Num importante jornal do Brasil - a Folha de S. Paulo, surgiu, no suplemento, esta crítica da obra de V. Wolf. É simples e chama a atenção para algumas pormenores que podem ser relevantes para a prova.


 
"Flush não é um cão qualquer. Mesmo antes de ser retratado por Woolf, já fazia parte da nobre linhagem de animais literários, que remonta a Argos, cão de Odisseu. Flush pertenceu à poeta inglesa Elizabeth Barrett, posteriormente Browning. A esse cocker spaniel dourado, Barrett dedicou dois poemas.

Na década de 40 do século 19, bairros aristocráticos como Mayfair desfrutavam a incómoda proximidade de cortiços e maltas de criminosos. Bastava uma ligeira distração das senhoras para que seus totós [animais de estimação] fossem sequestrados por esses vizinhos. Foi o que ocorreu com Flush, não apenas uma, mas três vezes. Numa das ocasiões, Barrett se viu obrigada a meter-se num cupê para negociar o resgate com os malfeitores.
(...)
Woolf, por seu turno, narra o episódio do roubo de Flush, como vários outros da vida da escritora. Elizabeth Barrett já era famosa quando conheceu o poeta Robert Browning. Tinha 40 anos e vivia reclusa, sob o jugo do pai tirânico. Escreveu sonetos ao amado. Disse para o pai que se tratava de uma tradução sua para versos de Luís de Camões. O pai engoliu a lorota, e os poemas, talvez os melhores de sua lavra, ganharam o título de "Sonetos Portugueses".
O casal foi depois obrigado a fugir para a Itália. A originalidade da narrativa de Virginia Woolf residiria em mostrar esses eventos pela ótica de Flush.(...)

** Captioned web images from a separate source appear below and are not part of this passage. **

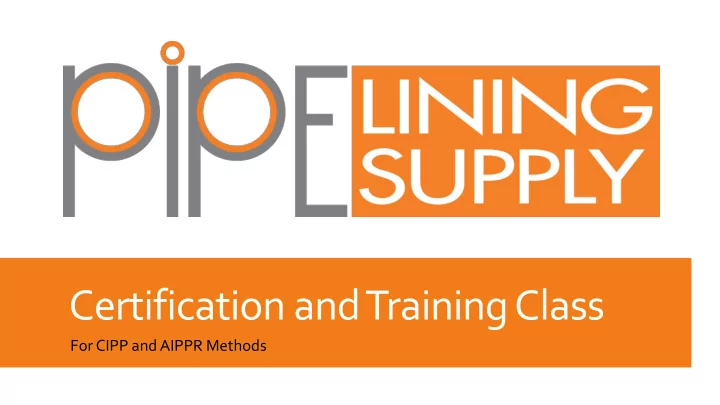 certification and training class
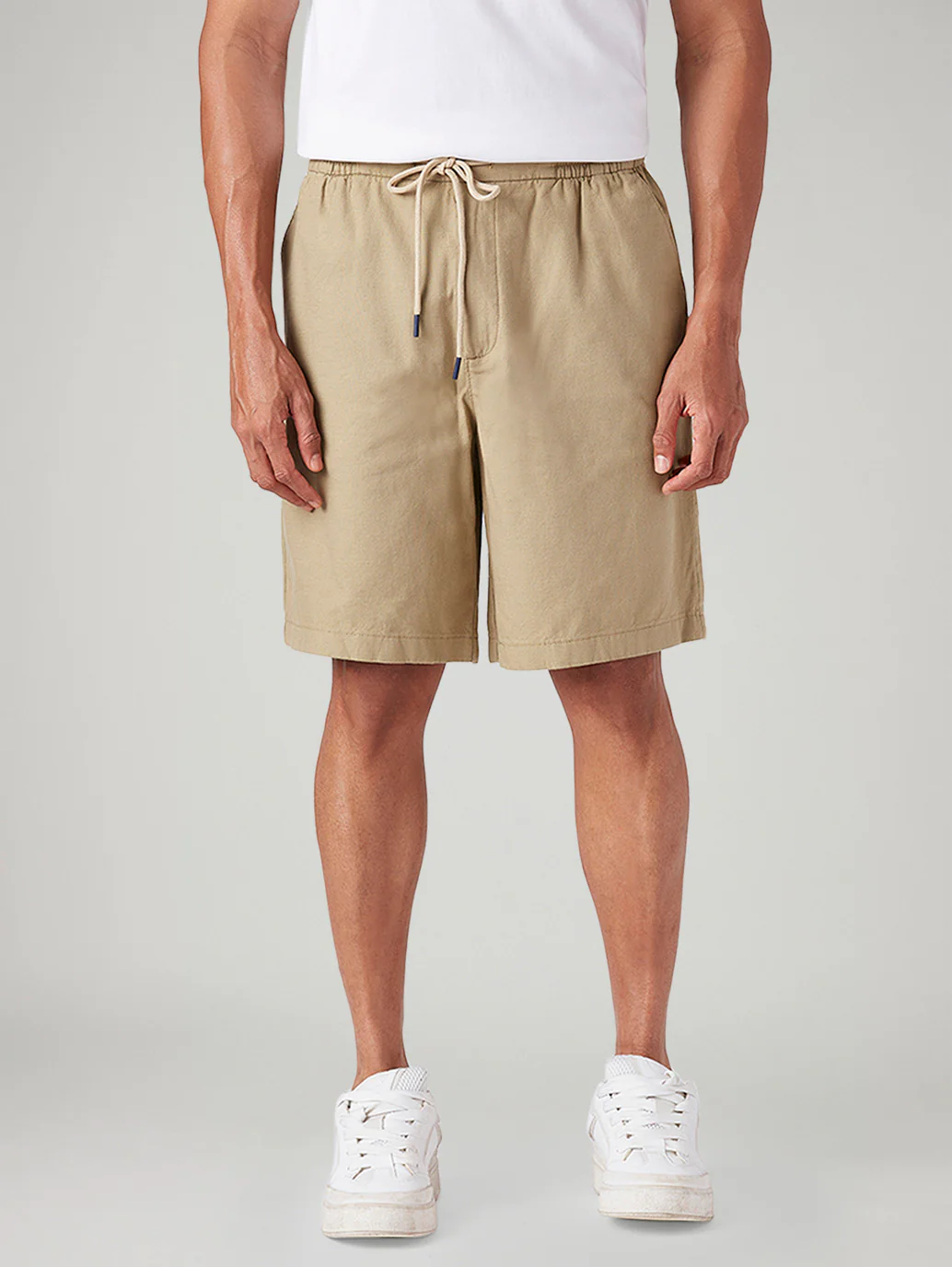 Men's Beige Baggy Fit Mid Rise Linen Shorts - Image 3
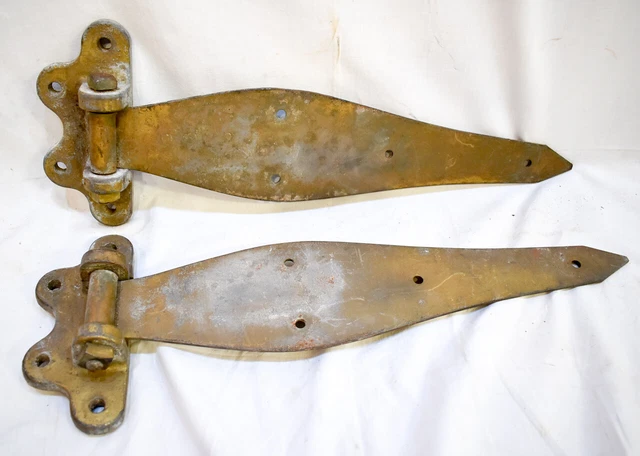 Primitive Old Barn Door Strap Hinges Gate HEAVY Industrial Look 22" RARE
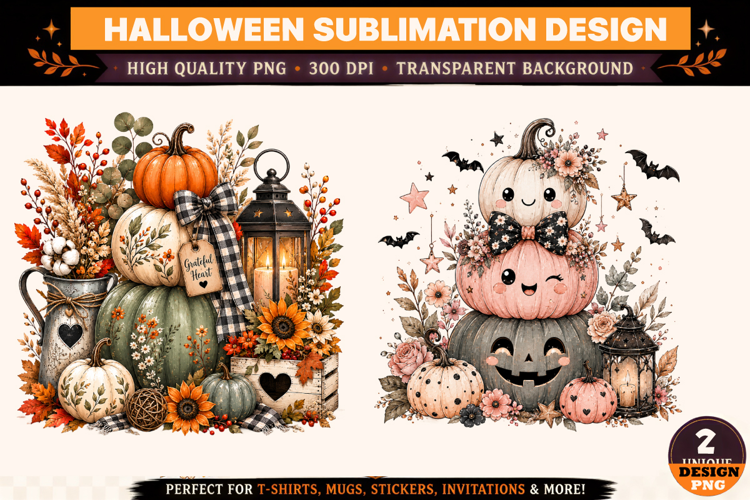 Halloween Pumpkin PNG, Cute Spooky Fall Sublimation Design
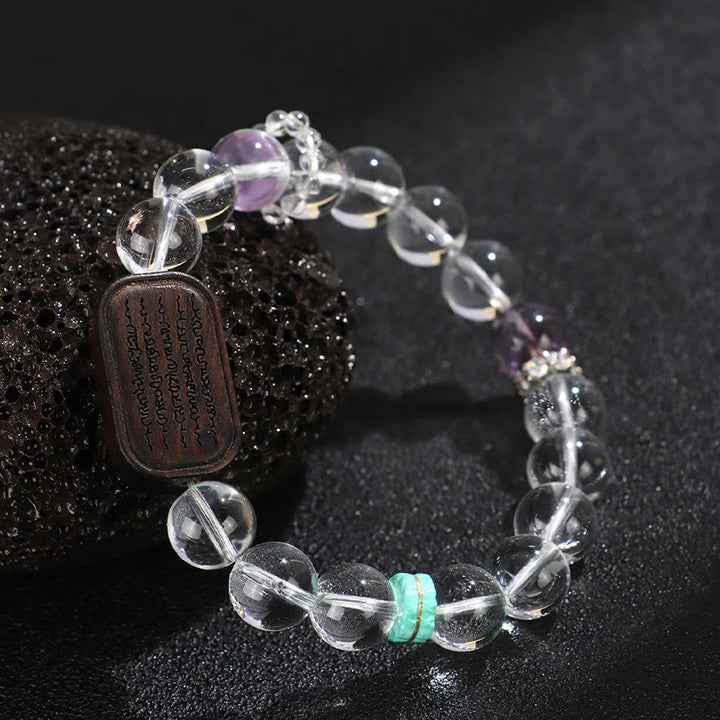 Pulsera curativa de Buddha Stones, cristal blanco y madera de ébano Sak Yant Zashi Lhamo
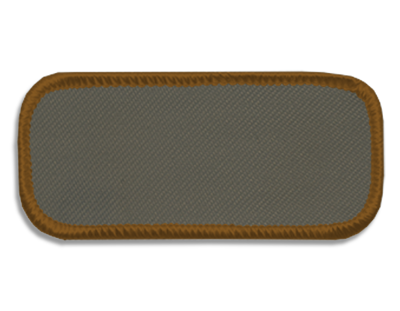 Blank Rectangle Patch 3 1/4" x 1 1/4" Dark Tan 34 on Dark Tan 23 Merrow Border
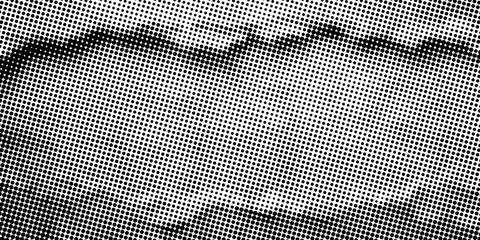 Crumpled paper halftone texture. Dotted rough wrinkled background. Old creased paper sheet overlay. Comic pop art grain wallpaper. Aged damaged gritty page in cartoon style. Vector background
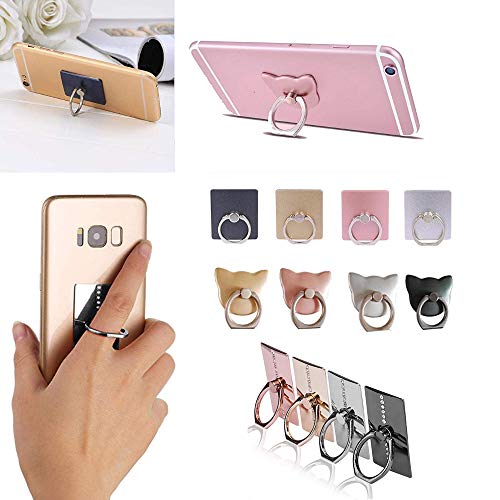 Product Cover eubell 2-Pack Cell Phone Ring Stand Finger Ring Holder Random Color 360°Rotation Phone Holder Ring Grip for Most Smartphone,Square Shape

Mas o romance tem aspectos positivos. Um deles está no quadro satírico que a autora traça da sociedade inglesa, coisa incomum em sua prosa. São deleitosos os petardos dirigidos à obsessão britânica com a ancestralidade ilustre e à mania ocultista. Lorde Lytton, por exemplo, costumava surgir diante das visitas de robe puído, fitando-as com olhos esgazeados, pois acreditava ter adquirido o dom da invisibilidade.

Na sua tentativa de plasmar a experiência do cão, Woolf também faz magníficas descrições dos odores (bem antes, portanto, de "O Perfume", de Patrick Süskind): "O nariz humano é não-existente. Os maiores poetas do mundo não sentiram o cheiro de nada além de rosas de um lado e de esterco de outro. As infinitas gradações que existem entre as duas substâncias não foram registradas. Ainda assim, era no mundo dos cheiros que Flush vivia a maior parte do tempo".

No limite, está a questão de como exprimir o insubstancial por meio de palavras. Mas será que elas dizem tudo ou porventura "destroem os símbolos que existem" além de seu alcance? Sem o entendimento linguístico, forma-se entre dona e animal um "vazio espanto". Para transpô-lo, o cão oferece seu amor incondicional, e a poeta, seus versos. "Este cão apenas, guarda-me, /Sabendo que quando finda a luz /O amor continua a brilhar", canta Barrett. Com "Flush", Virginia Woolf presta sua homenagem ao romantismo.